Greenlining Series: Targeting private foundations

SmallGreenJobs5

This is the sixth part of a series produced by CalWatchdog and the Examiner regarding the Berkeley-based Greenlining Institute, a low-income housing advocacy group that critics say intimidates banks and helped cause the housing meltdown.

APRIL 21, 2010

By MARK TAPSCOTT

When 10 of California’s largest private foundations announced their agreement in 2008 to put $30 million in new grant money into minority communities, Greenlining Institute executive director Orson Aguilar wasn’t all that impressed.

“That’s a start,” said Aguilar, who led a campaign for AB624, a bill in the state Legislature to force the Golden State’s private foundations with assets of $250 million or more to make public extensive data about the demographics of their officers, managers and grant recipients.

The bill was withdrawn when the foundations caved in to demands by Aguilar and other left-wing activists that they give more grants to organizations in minority communities.

Leaders of the foundations knew what would happen if they kept fighting the bill because for many years they had seen Aguilar’s Greenlining Institute in action against banks: He and his allies would put demonstrators on the foundations’ doors shouting charges of racism, demanding “change” and “justice,” and disrupting work in every way possible.

It had worked for years against the banks and now it was working again; only this time against California’s private foundations.
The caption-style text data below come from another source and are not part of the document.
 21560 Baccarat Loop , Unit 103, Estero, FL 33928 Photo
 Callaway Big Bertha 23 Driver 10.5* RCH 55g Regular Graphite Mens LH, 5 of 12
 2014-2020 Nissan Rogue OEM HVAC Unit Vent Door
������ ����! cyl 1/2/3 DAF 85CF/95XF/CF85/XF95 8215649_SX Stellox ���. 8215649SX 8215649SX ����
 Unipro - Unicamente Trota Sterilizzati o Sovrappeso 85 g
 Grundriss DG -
But more recently Aguilar has taken the tactics that worked so well in California on the road. He and other Greenlining leaders are now working with powerful allies in a growing national campaign to gain access to immense resources held by private foundations, many of them family philanthropies devoted to causes that were dear to their founders.

Once Aguilar and his allies get access to those billions of dollars in resources, they will be used to fund more campaigns for even more money, including tapping into government programs and tax-funded budgets.
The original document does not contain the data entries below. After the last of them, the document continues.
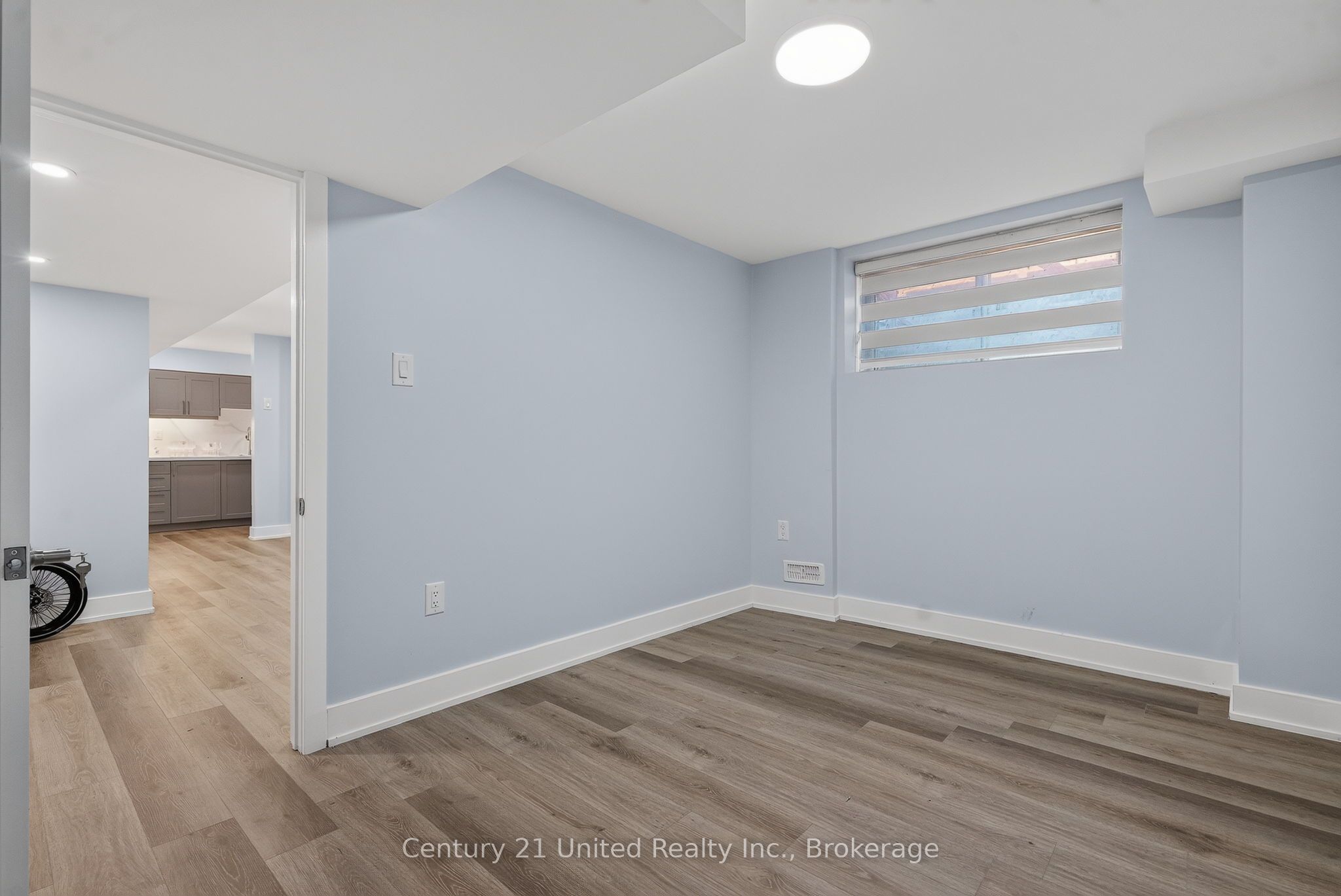 1040 Suddard Avenue 2 (lower Level) Property Photo 23
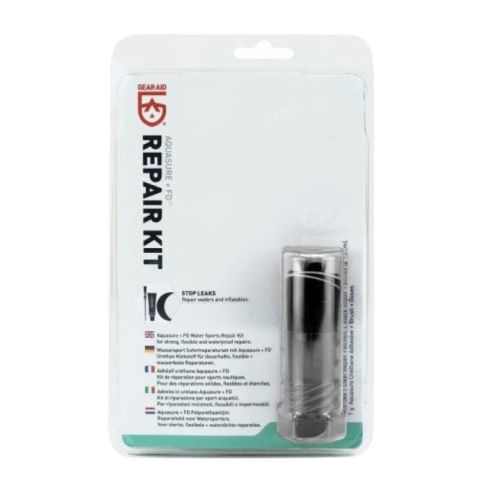 Klej GEARAID Aquasure+ FD / ---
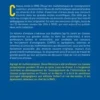 Oral de mathématiques des grandes écoles, 250 exercices corrigés et commentés. Analyse volume 2, Fonctions d'une variable réelle et intégration, Denis Monasse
Greenlining’s tactics are simple. The organization targets a state – so far they’ve gone after foundations in Florida, New York, Pennsylvania and New Jersey – and sends a letter to selected foundations “inviting” them to participate in a survey on the racial makeup of their officers and grant recipients.

The results are then used to duplicate the California AB624 campaign in which the targeted foundations cave voluntarily to Greenlining’s demands. The mere threat of such a campaign is often enough to panic foundation leaders in the targeted states to surrender without firing a shot.
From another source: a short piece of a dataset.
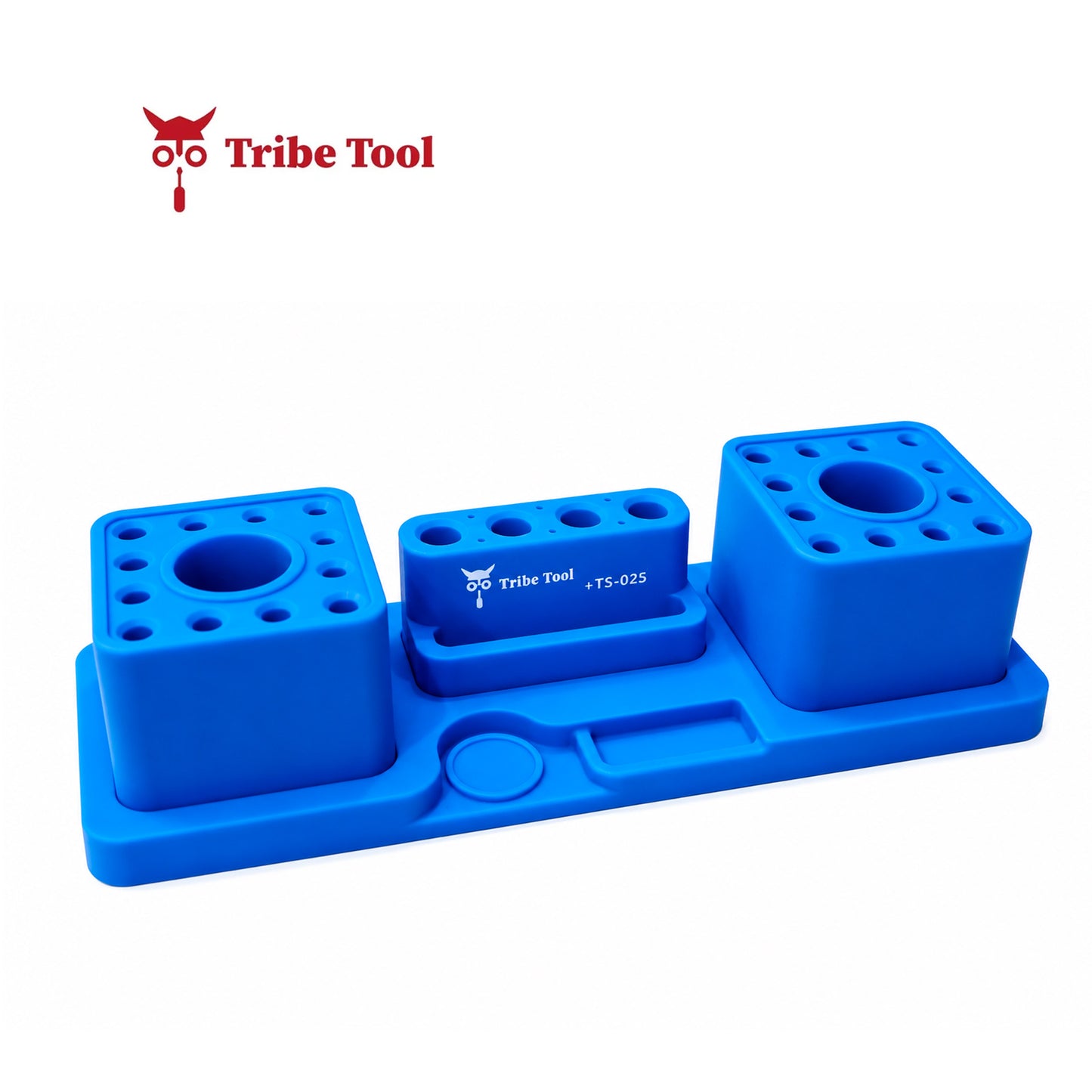 TRIBE TOOL ORGANIZADOR MULTIFUNCIONAL TS-02S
Greenlining “has always had a presence in Washington,” according to the group’s web site, but a permanent Washington, D.C. office was opened last year to facilitate the national campaign and joint efforts with groups like the National Committee for Responsive Philanthropy.

Last march, NCRP held a Washington, D.C. news conference to unveil its suggested criteria for judging private foundations: To satisfy the criteria, the foundations had to direct at least half of their funding to minority communities and another quarter to “advocacy, organizing and civic engagement to promote equity, opportunity and justice.”

The foundations also had to add minority representatives on their governing boards, and make their grants for “general operating support” for multiple year terms, thus avoiding accountability issues and assuring long-term revenues.

Just in case any of the targeted foundations thought about rejecting NCRP’s criteria, Rep. Xavier Becerra, D-Calif., was there, thanking NCRP and its allies for “giving us in Congress something to work with.” Becerra said a federal tax exemption represented “revenue foregone” by the government and he said Congress “has an obligation to make sure such tax dollars are well-invested.”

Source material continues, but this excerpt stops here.